The Chicago Tribune reported Tuesday on proposed changed to background check requirements in Illinois. The legislation would affect employees at many types of facilities including homes for the disabled and nursing homes for the elderly.
Most employees at these homes are already required to perform criminal background checks before they are hired. The licenses of those applicants must also be verified before they can begin work. Yet, there is more extensive checking that could be conducted to ensure that the employees who serve these most vulnerable community members are willing and capable of providing proper care. Most importantly these facilities are currently not required to check whether the applicant has been cited in the past for any form of abuse.
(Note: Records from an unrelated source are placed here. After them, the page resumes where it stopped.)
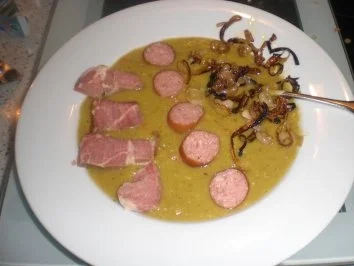 Rezept: Dicke Erbsen Dicke Erbsen - Rezept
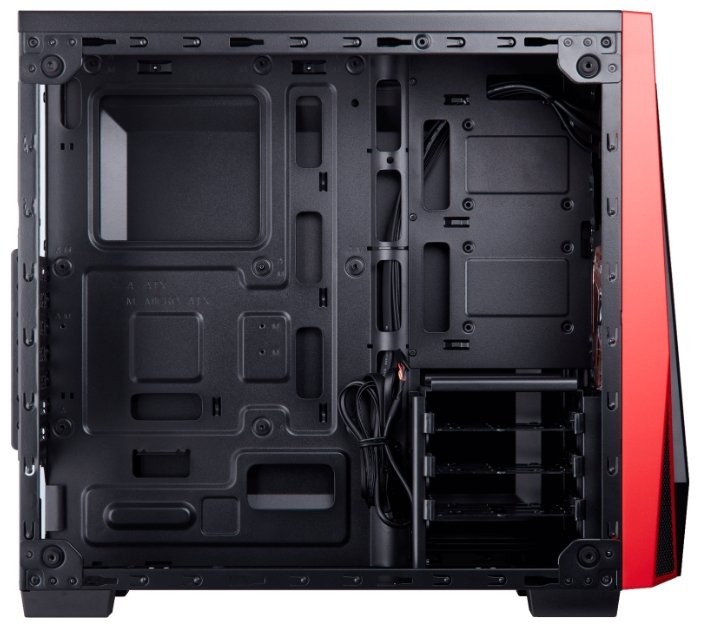 Компьютерный корпус Corsair CARBIDE SERIES SPEC-04 Black/Red CC-9011117-WW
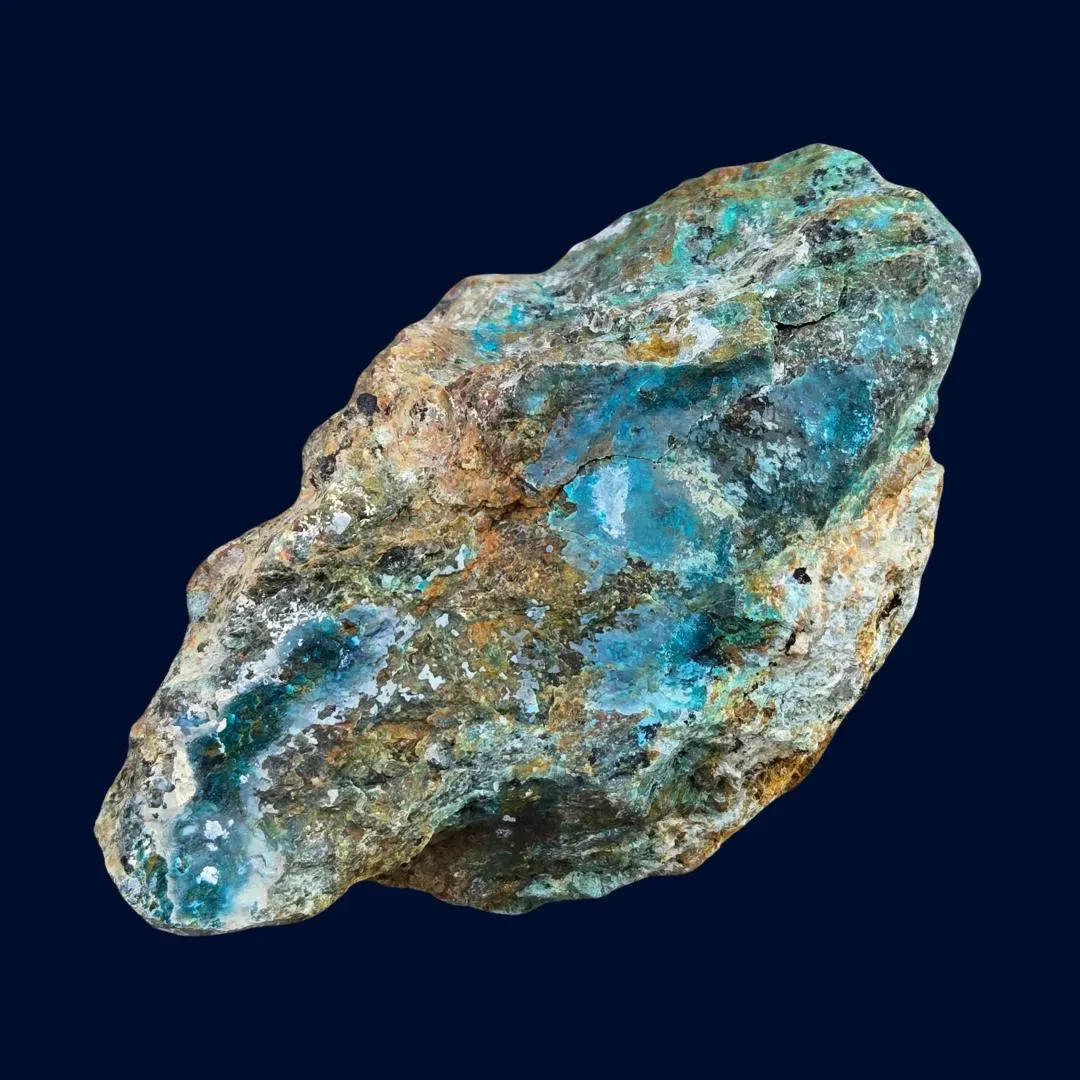 Blue Basin Mine Copper Ore 652g Chrysocolla Quartz Nevada Display Specimen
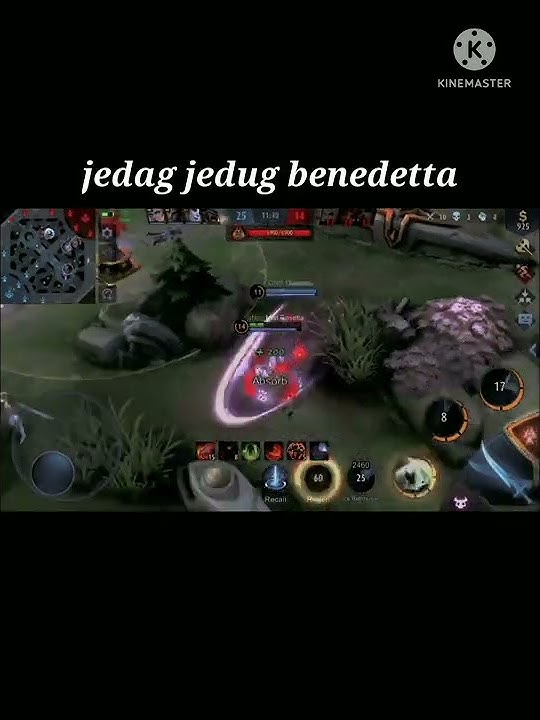 jedag jedug benedetta maniac #mobilelegends  #shorts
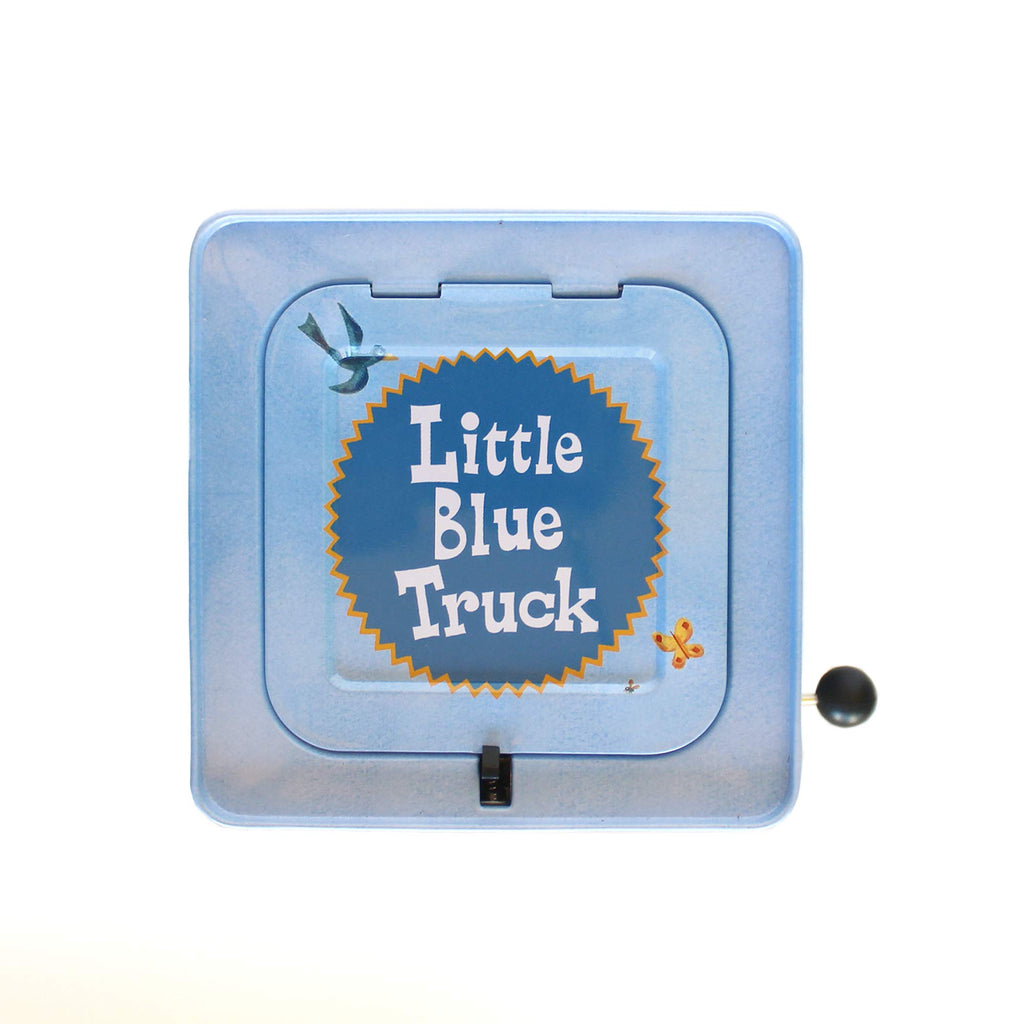 Blue Truck Jack-in-The-Box Plush Toy with Music R82547
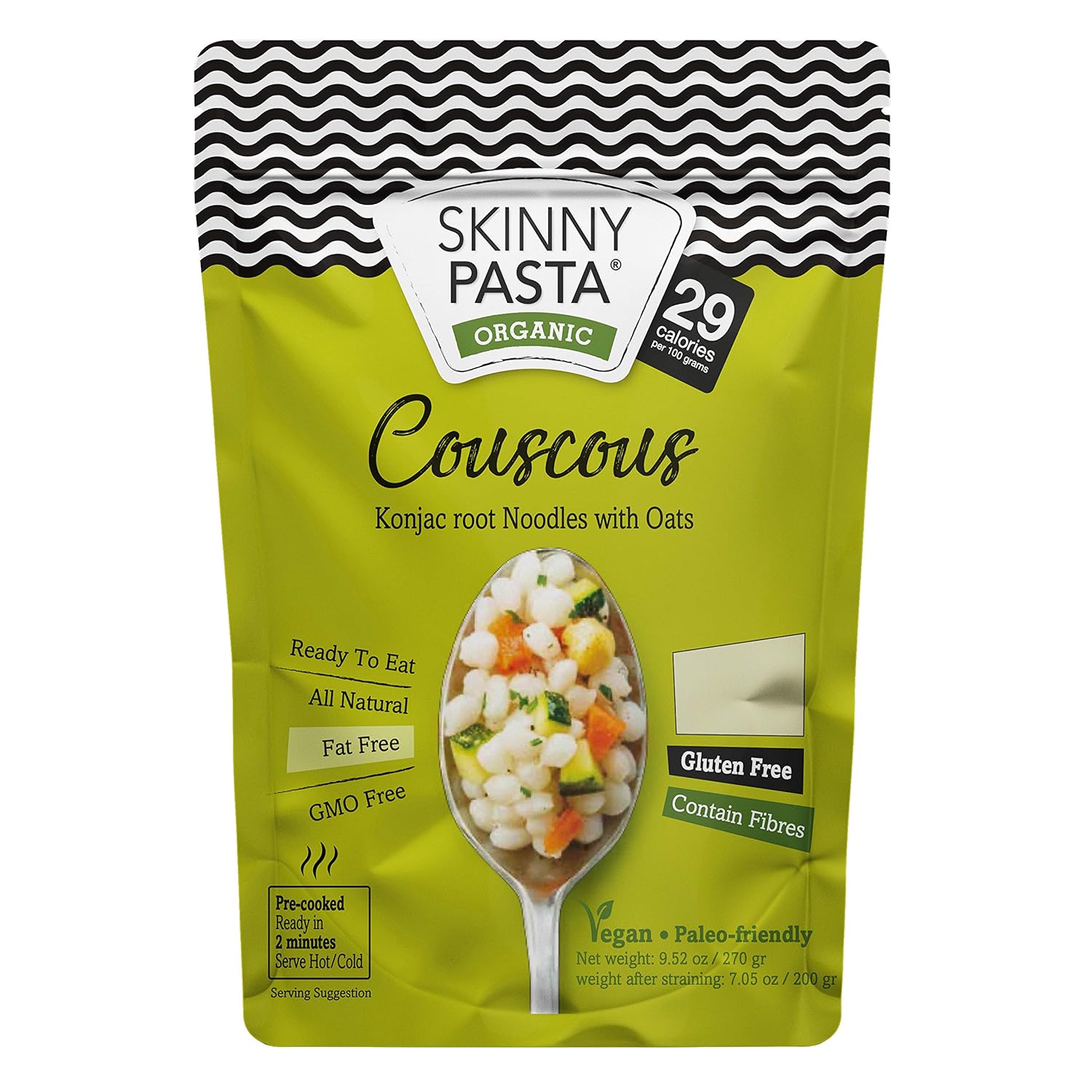 Skinny Pasta 270g 100 Konjac Nudeln Shirataki Nudeln Couscous 6er Pack Amazon De Lebensmittel Getranke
Those past citations most likely would never show up on regular criminal background checks.
Proposed legislations would mandate that additional requirement. One motivation for the new law is the recent revelations made about treatment of many developmentally disabled children at a Chicago nursing facility-Alden Village North.
Much time remains before the bill is up for a final vote. However, many lawmakers are already voicing support for the additional check, with many hoping it applies to both children’s facilities as well as those nursing homes catering to elders.
Anyone who regularly hears news of abuse and neglect at Illinois nursing homes is aware that the root of the problem is typically found in the quality of the employees who are paid to provide the necessary care to these residents. Our Chicago nursing home attorneys at Levin & Perconti know first-hand that nothing will do more to improve the care of our elders at nursing homes than ensuring each and every employee cares deeply about the true mission of the facility: providing the best care possible at all times. Even a single deviation from that standard can have deadly consequences.